17

Essentially I'm curious if code like:

let myCollection = Data.SomeCollection.fromList [1, 2, foo]

is actually doing what it looks like at runtime, and creating a linked list as an intermediate step in creating a SomeCollection—or if this is just a syntactic convenience, and the compiler eschews making a list in the compiled code?
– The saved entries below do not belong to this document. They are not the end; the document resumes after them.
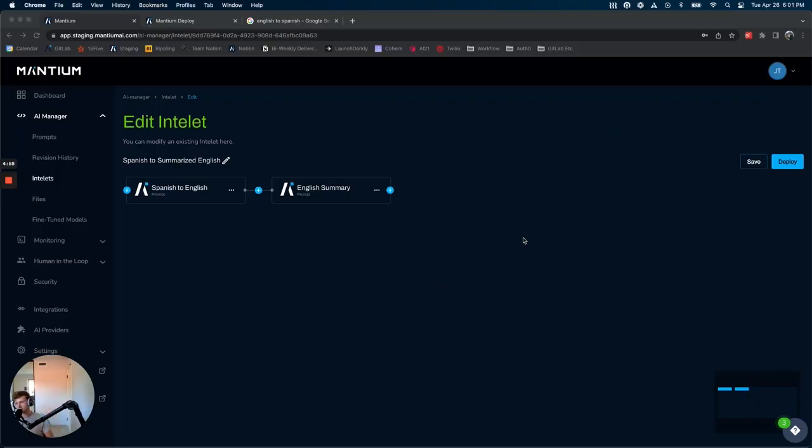Hi everyone, my name is Josh. I'm a developer here at Mantium, and I'm going to be talking a little bit about the updates to Intelets that we've been working on.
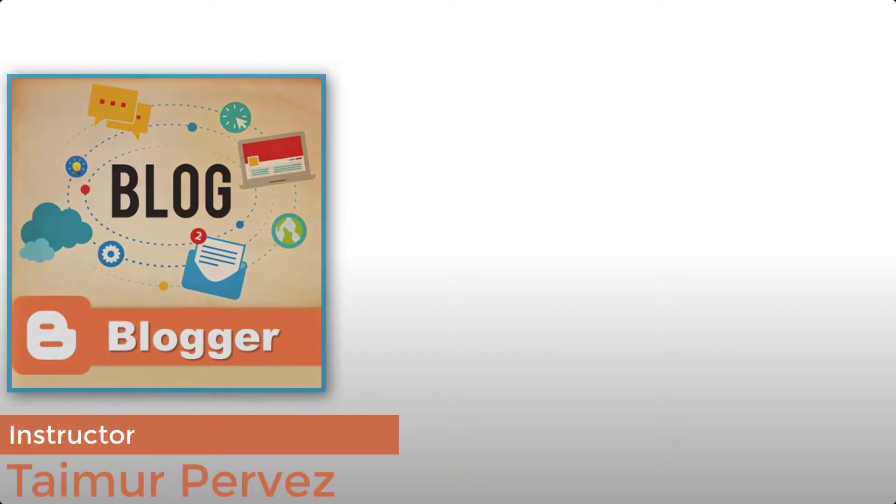Assalamualaikum. My name is Taimur Parviz and I welcome you to this training in Google Blogger.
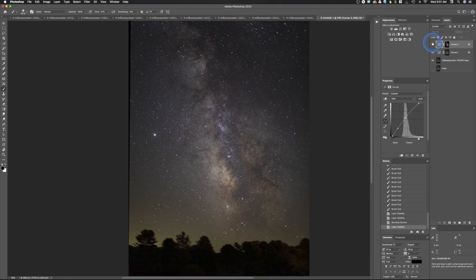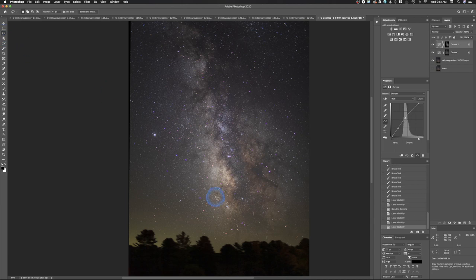Toggle the adjustment on and off to see the contrast increase in the galactic core area. Use the Info palette to read tonal values in specific spots — you don't want any star reading zero, which would mean pure white with no detail.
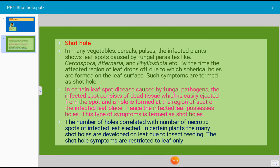In many vegetables, cereals, and pulses, the infected plant shows leaf spots caused by fungal parasites like Cercospora, Alternaria, Phyllosticta, etc. Over time, the affected region of the leaf drops off, due to which spherical holes are formed on the leaf surface. Such symptoms are termed as shot hole symptoms.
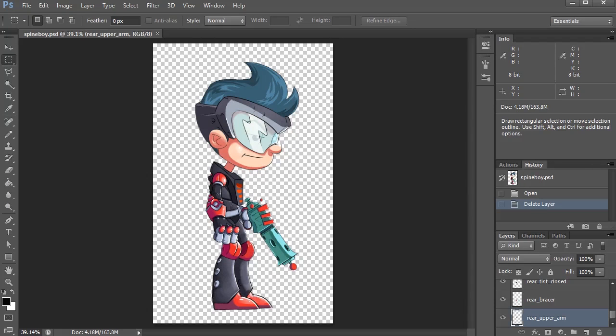We're going to assume you already have your character with the pieces on separate layers in Photoshop, and you run the Photoshop export script that comes with Spine.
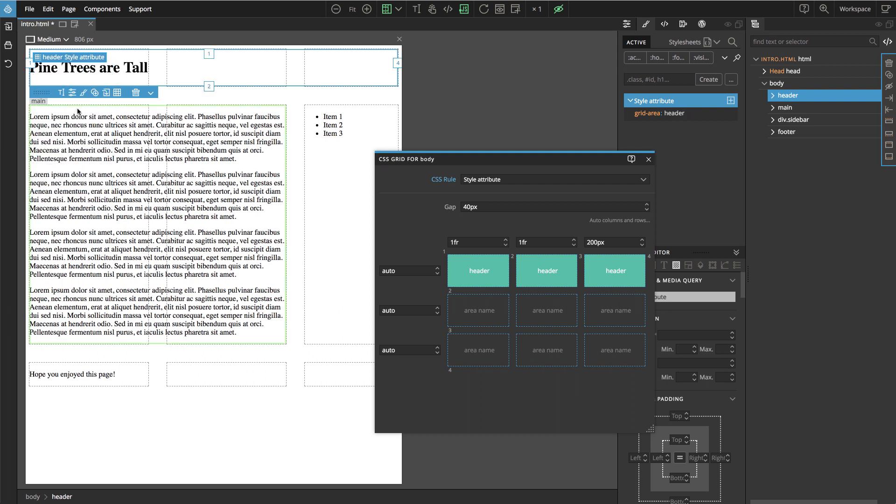So the element is no longer placed by rows and columns, but rather it is placed by using the name of the area, so here is header.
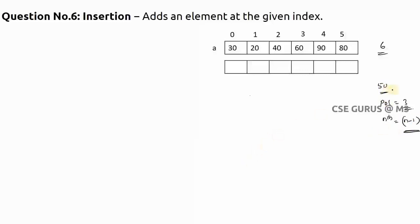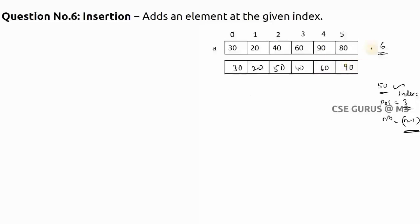I want to insert 50 at position three, which means index two. The resultant array will have 50 inserted there, with 40 moved one position right, 60 moved right, and 90 moved right. The array size increases by one - previously the size is n, now the size is n plus one.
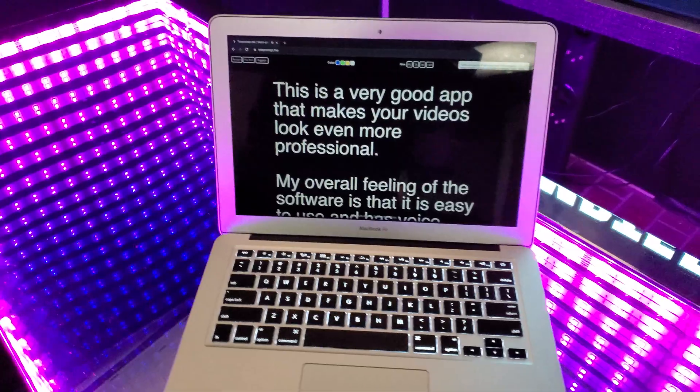Today, I'm going to show you one of the easiest teleprompter softwares available for laptops. It's called Teleprompt.me.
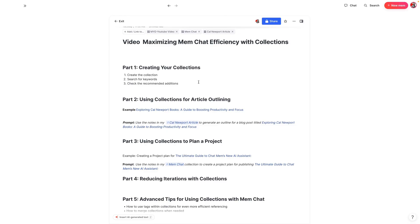What I want to do in this video is go over how you can use collections to maximize the efficiency of MemChat and the accuracy of the responses that you get to your prompts. I realized last week as I was going through the Archipelago of Ideas tutorial that I actually made things a bit more complicated than they need to be. After going through that tutorial, I started creating collections and noticed that MemChat gave me much more accurate responses when I put notes into collections and referred to the collection in my prompts.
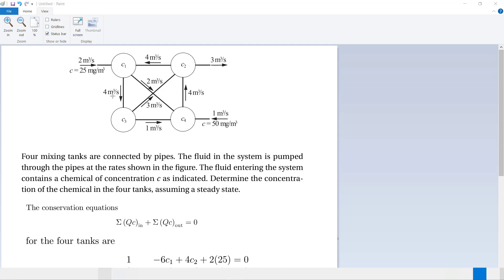The fluid flows at a volume flow rate of 4 cubic meters per second, going to C4 at 2 cubic meters per second, and from C2 at 4 cubic meters per second. The tanks are connected by pipes and the fluid is pumped through at the rates shown in the figure. The fluid entering the system contains the chemical at concentration C as indicated. Determine the concentration in four tanks assuming steady state.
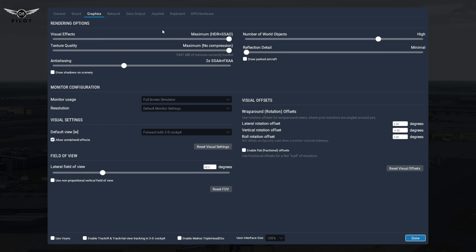I think it's a good call by Laminar Research to simplify the settings, which were quite complex in X-Plane 10. It was very difficult to understand what each setting did. So they've combined a lot of them now in the sliders that you see, and some of them are turned on by default.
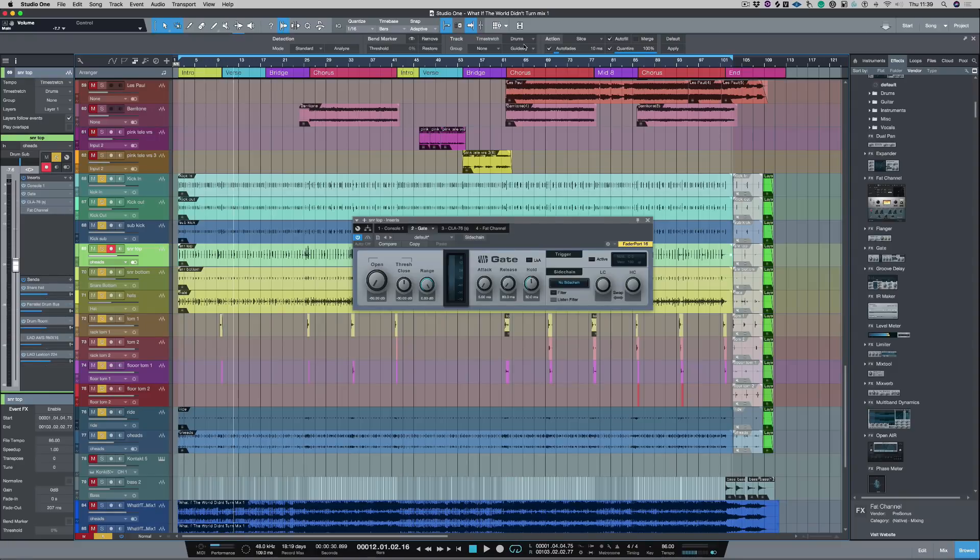Hi, I'm Paul from Studio One Expert. In this video I'm going to show you how to use the gate that comes included with Studio One.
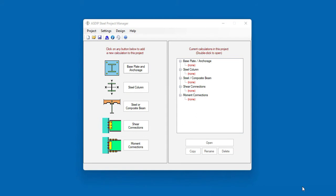ASDIP Steel is a software for design of steel members and components. It uses built-in section databases for information on steel section properties. But what databases are available in ASDIP Steel, and what kind of members can be designed? This is Javier Encinas, and today we're going to discuss the different databases available in ASDIP Steel to read the steel section properties. Let's get started.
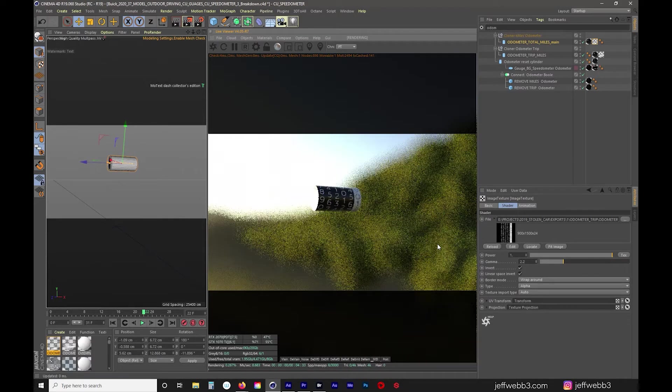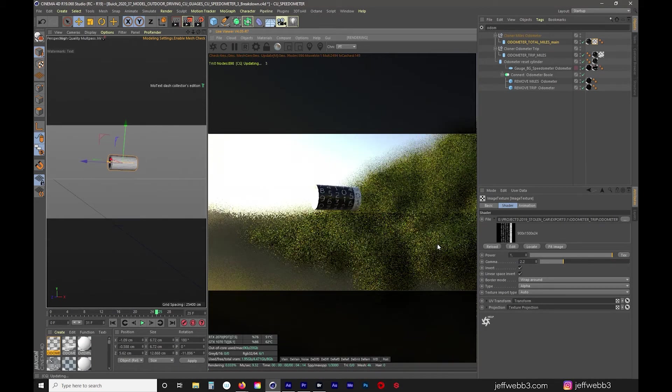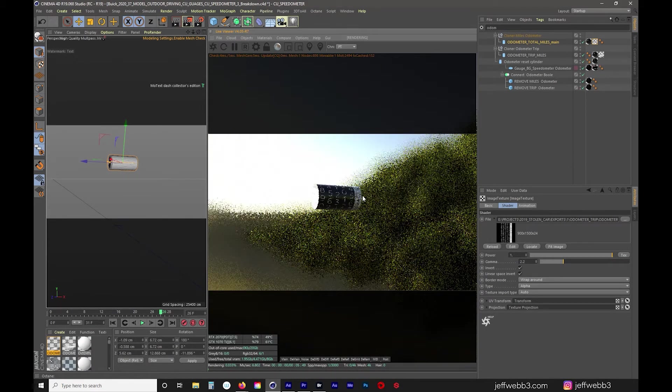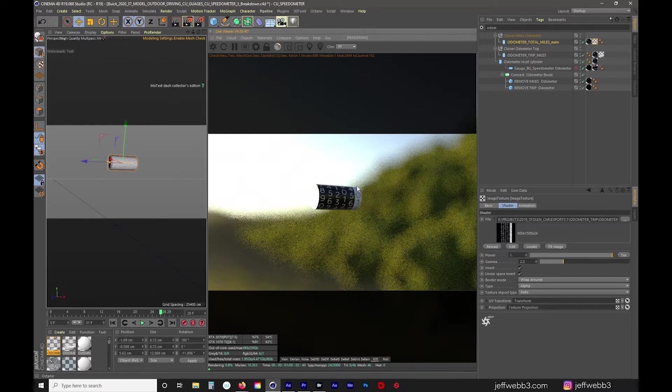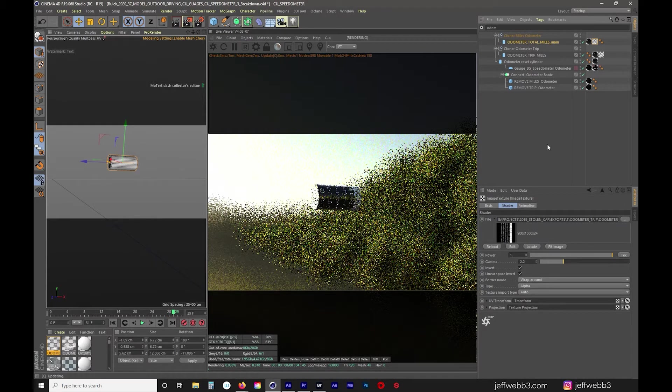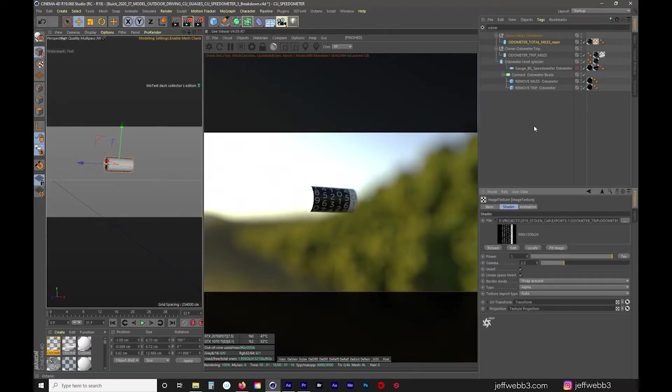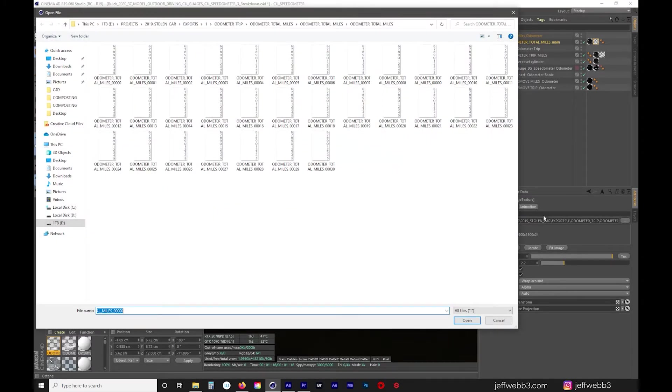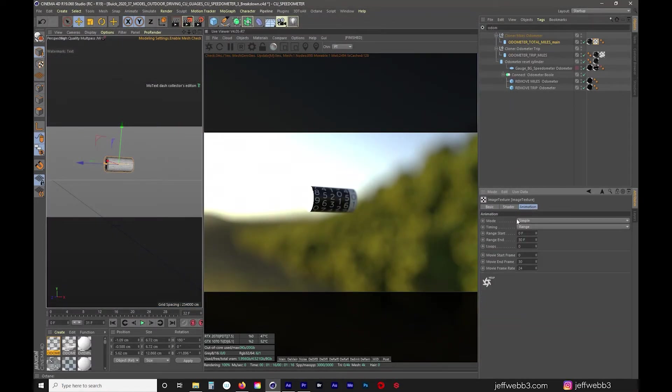If I just hit G I'm gonna go through and you can see that this is the fastest moving part but essentially those numbers are moving. I have a PNG sequence that goes from 0 to 30. So if I go to my animation tab that's what I've imported and the mode is simple, timing, range.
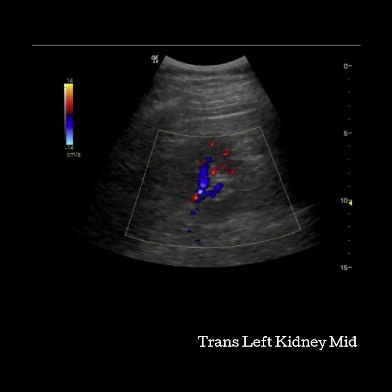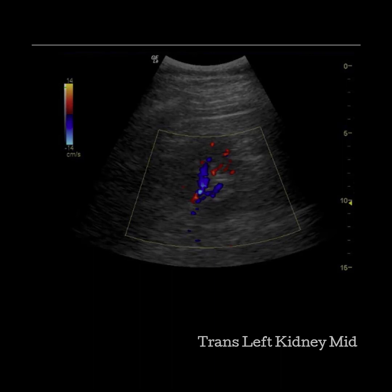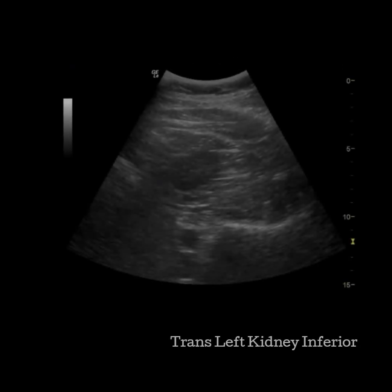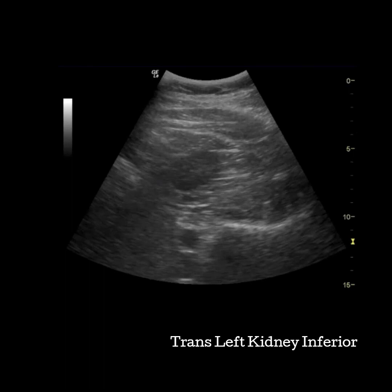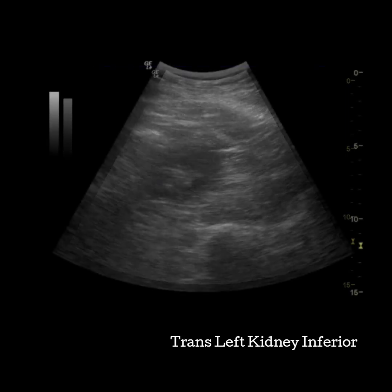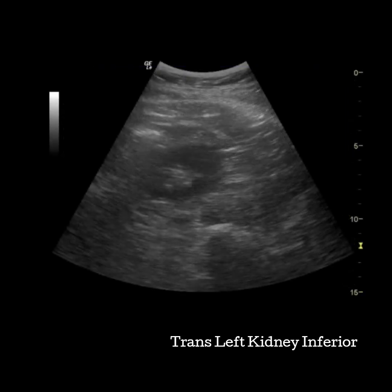Take a color image to see the renal artery and renal vein and highlight the hilum of the kidney. The last image of the kidney is at the inferior pole. Continue sweeping towards the patient's feet; these two images again show the difference between little and no sinus visible.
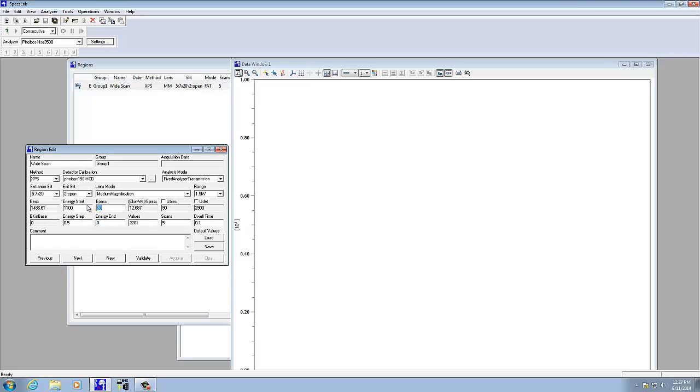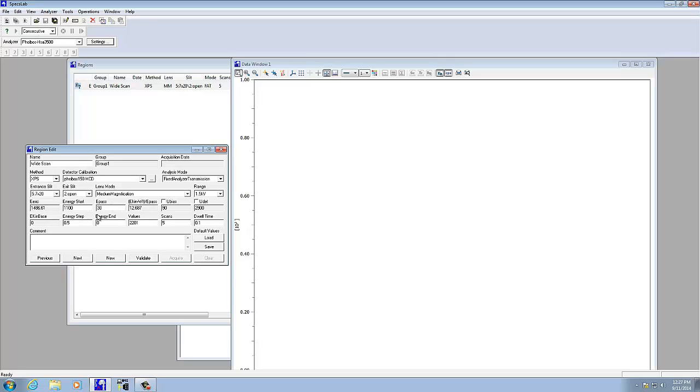Pass energy is basically a tradeoff between number of counts, number of electrons that arrive per second, and the energy resolution of your scan. In this case I'm doing a wide scan, so 30 or 40 EV pass energy is fine. If instead I was doing a high-resolution scan, I would probably make that 10 EV. The energy step basically tells how to increment the energy on the analyzer. I'm going to set that to 1 EV.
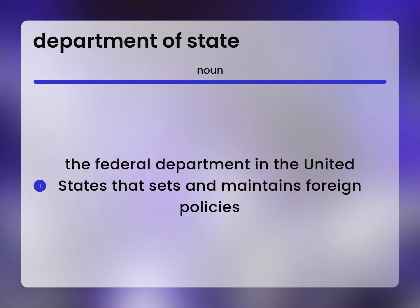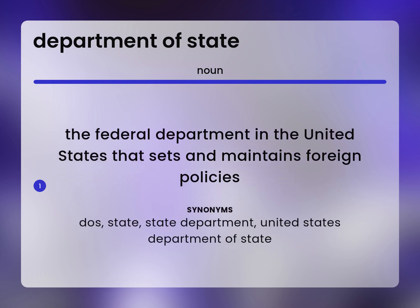The Federal Department in the United States that sets and maintains foreign policies. DOS. State. State Department. United States Department of State.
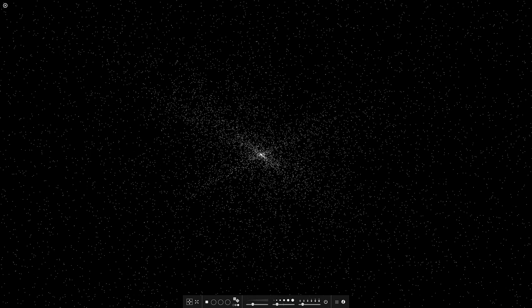And here you can change pretty much everything. You can change the strength of your gravity, so that's where it's at full. As you can see, it's much more powerful.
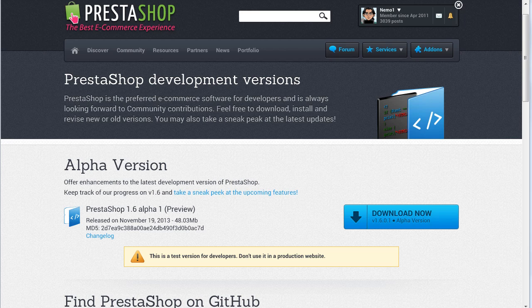Hey everybody, this is Nimo and in this video we will have an overview of the very first alpha version of PrestaShop 1.6, which means this is a slightly more complete version than the one we saw in previous videos.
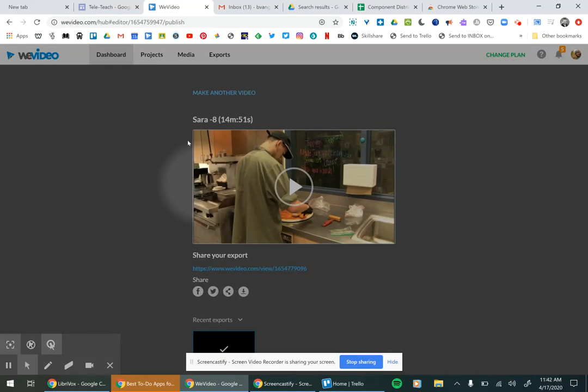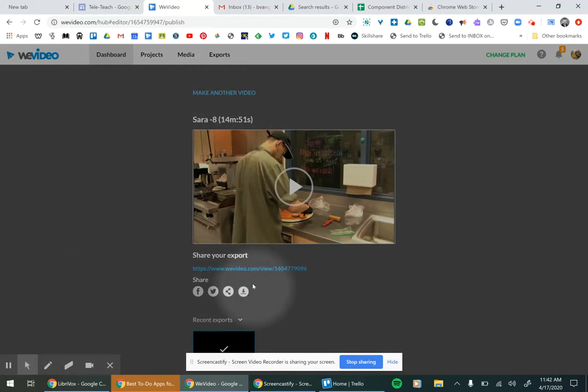Hey, so if you want to download a video from WeVideo, you want to look for this icon that looks like an arrow with a line, and then you click that and it should start downloading automatically for you, and go into your downloads folder on your computer.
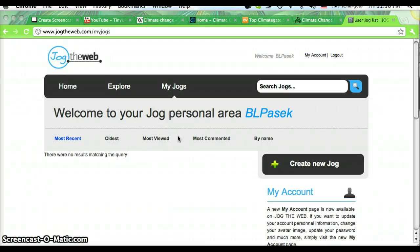Hello everyone. I'm going to show you how to use Jog the Web. Jog the Web is a great way to organize websites into one easy link. You can group websites together thematically and then share them.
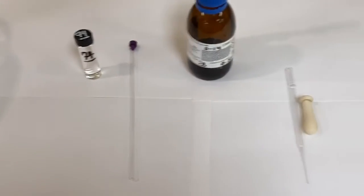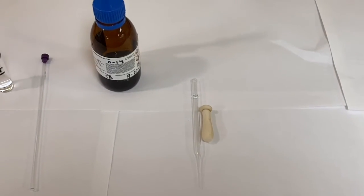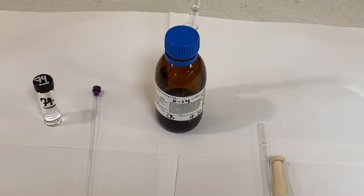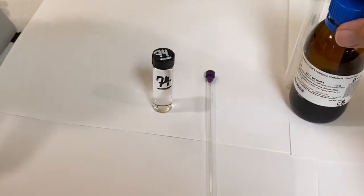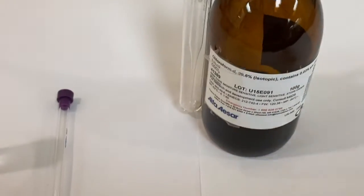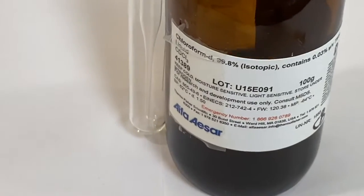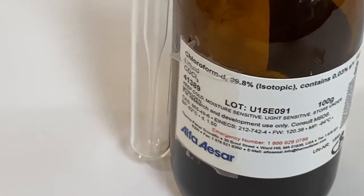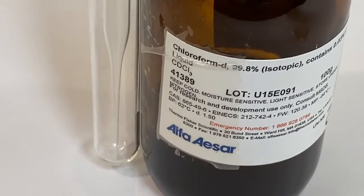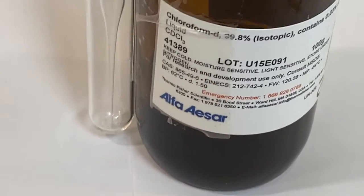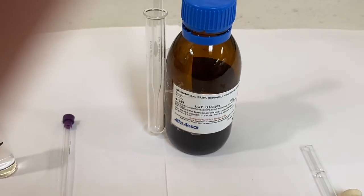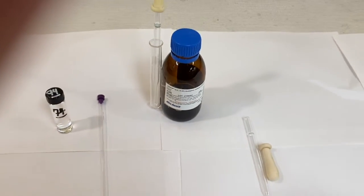You'll also need a clean pipette and a bulb and access to a bottle of deuterochloroform which is found in the hood. It's important to read the label before you use it. It needs to say chloroform D. It also contains TMS as the standard set to zero.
Apologies if this is a stupid question, but I've been meaning to find out ever since learning some Haskell.

J Cooper
  • 16,891
  • 12
  • 65
  • 110
  • 1
    You might want to clarify if you are asking this for `Vector` or more generally for any type. `Vector` is a special case because it probably has `Vector`-specific rewrite rules to fuse away intermediate lists. – Gabriella Gonzalez Sep 22 '14 at 01:31
  • @GabrielGonzalez thanks, I edited to clarify that I'm interested if special handling happens for any collection with a `fromList`, though if only *some* eliminate the list (perhaps `Vector` for example), that is also good to know – J Cooper Sep 22 '14 at 01:52
  • 1
    I'm afraid you'll generally have to assume there _will_ be an actual list, unless the aforementioned specialised `Vector`-optimisations or similar kick in. – leftaroundabout Sep 22 '14 at 02:05
  • An important caveat, if the list happens to be a `String`, it may not go through an intermediate list, as that particular case is often short-cut (as part of efficient `OverloadedStrings`). Now that there is an `OverloadedLists`, it's likely that future versions of data structures will be able to avoid the intermediate list. – John L Sep 22 '14 at 04:02
  • 1
    Another thing to consider here is that GHC itself has a [list fusion optimization](http://www.haskell.org/ghc/docs/latest/html/users_guide/rewrite-rules.html#idp25099648) such that, when a "good consumer" function is applied to the result of a "good producer," the runtime creation of an intermediate list is eliminated. An explicit list like `[1, 2, foo]` qualifies as a good producer. Whether a particular `fromList` function is a good consumer depends on how it's implemented; there's no general rule here, only implementation details. – Luis Casillas Sep 22 '14 at 20:18

1 Answers1

12

Short answer: Maybe, in a way, but not really...

Longer Answer:

When you say linked list you are thinking in imperative terms. Haskell is lazy and functional which makes the question hard to answer.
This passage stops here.